Business growth brings the small and medium-sized enterprise (SME) to the realisation that it can no longer sustain the informal, regular personal interaction with its customers - often a differentiator that allowed it to compete successfully with larger rivals.
Close customer understanding allows SMEs to tailor their offerings in response to customer needs and new competitors. Under these circumstances, a CRM system can be a strategic tool for retaining customers and acquiring new ones as the business grows.
Disparate information systems are a characteristic of the information technology infrastructure of most businesses, small and large. Companies traditionally buy software to fulfil a particular business need - financials, e-mail, inventory, manufacturing, distribution. They have bought the product best suited to the business at the time.
Over the years the number of systems has increased, along with complexity and the lack of integration. This means the company faces difficulties basing decisions on different versions of the "truth" emanating from information that could be duplicated, conflicting and incomplete, resulting in several versions of the "truth".
What benefit, therefore, would be yet another software package with yet another data source "bolted on" to the others - similar in its isolation and inability to draw from the information generated from others?
Complex organisations
CRM applications aimed specifically at small businesses often fail to measure up to the organisation's complexity. The lack of close integration with the rest of the business' IT infrastructure can rob the SME of CRM's full potential. The lack of customisation and configuration options can make the applications inflexible.

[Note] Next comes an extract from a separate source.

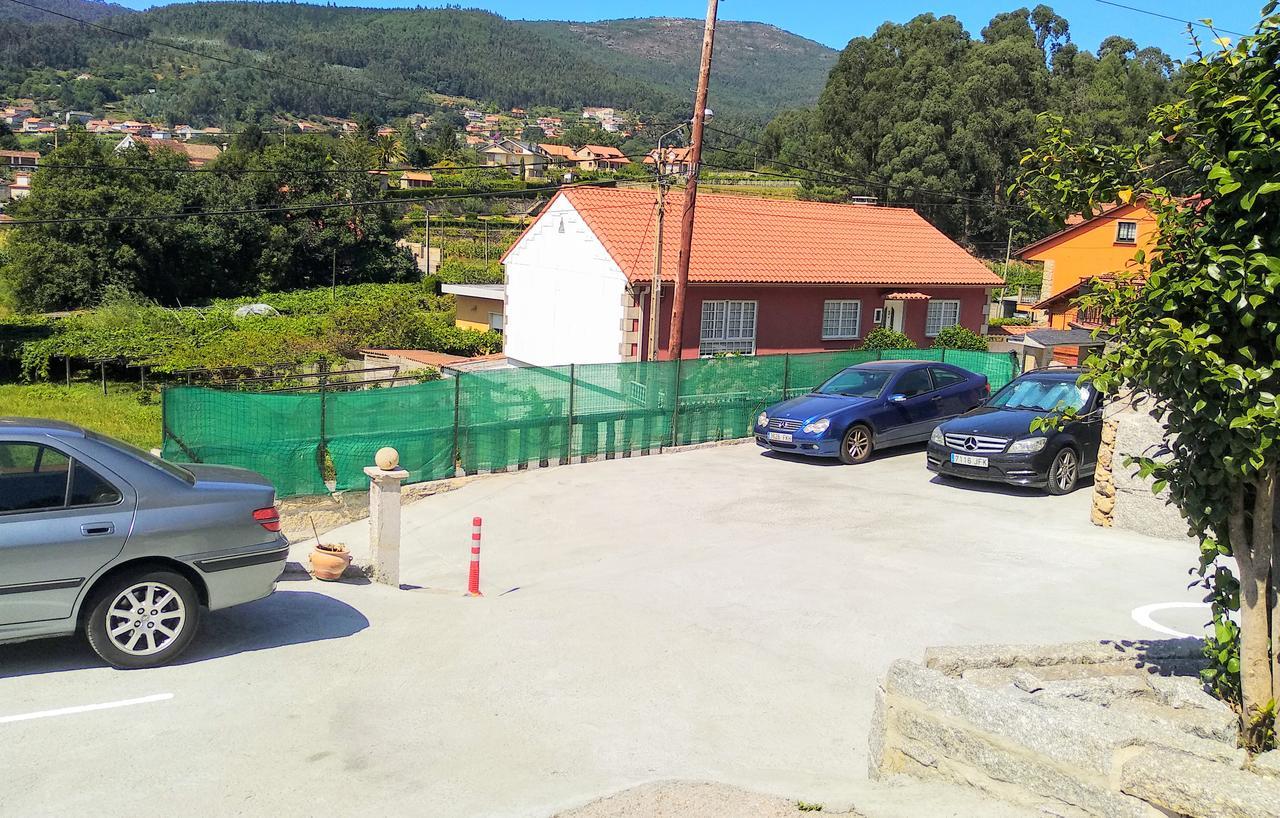 Villa Oubina Poio Bagian luar foto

At this stage the small business owner needs to consider the most effective way for a CRM system to be incorporated into its IT infrastructure. CRM is best thought of as a strategy - not a technology - and correctly implemented it can significantly reduce errors and costs of sale in addition to increasing sales revenue.

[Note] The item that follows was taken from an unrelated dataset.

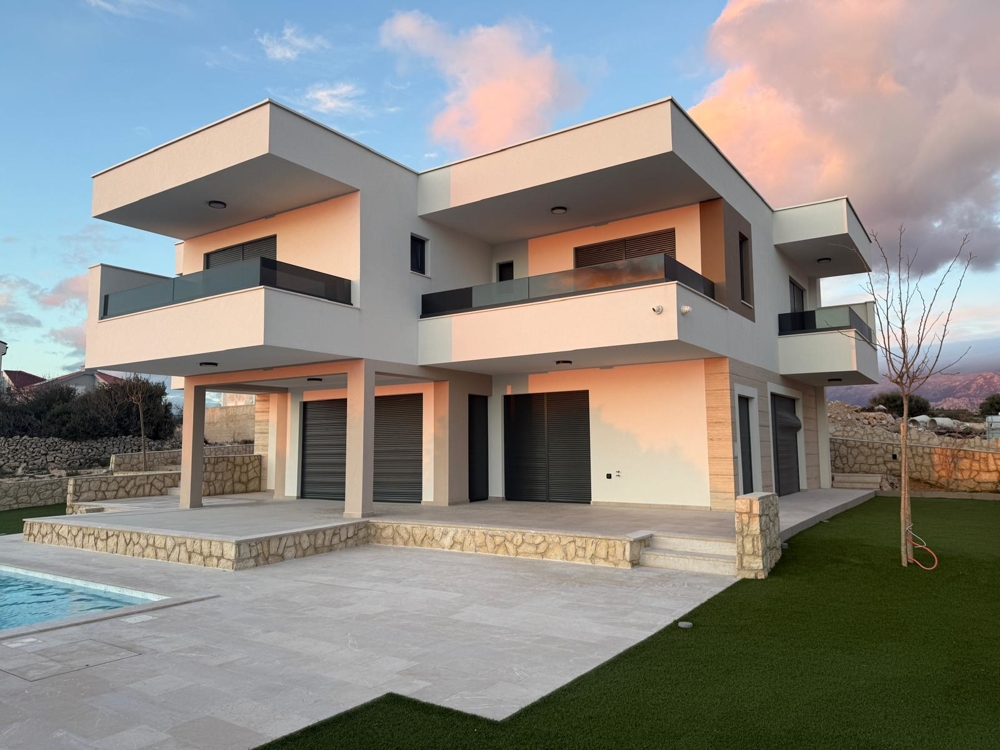 Villa moderna con piscina in vendita a Novalja, Croazia, con area relax all'aperto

An effective CRM strategy involves, in the main, the closer integration of existing systems. Valuable customer information already resides within existing information systems and the creation of a completely new application that requires a complete new set of information is a duplication of effort, which resource-strapped SMEs can do without.
Information integration entails looking at the business from two points of view - processes enabled by applications, and data stored in databases. Installing a database from which all applications can be run is a low-risk first step towards achieving a greater level of integration.
Large companies battle with the problem of having individual databases for each application - one for financials, one for HR, one for inventory, and so on. A smaller business moving to the next step of expansion could implement a single database and achieve a level of efficiency to which many larger companies still aspire.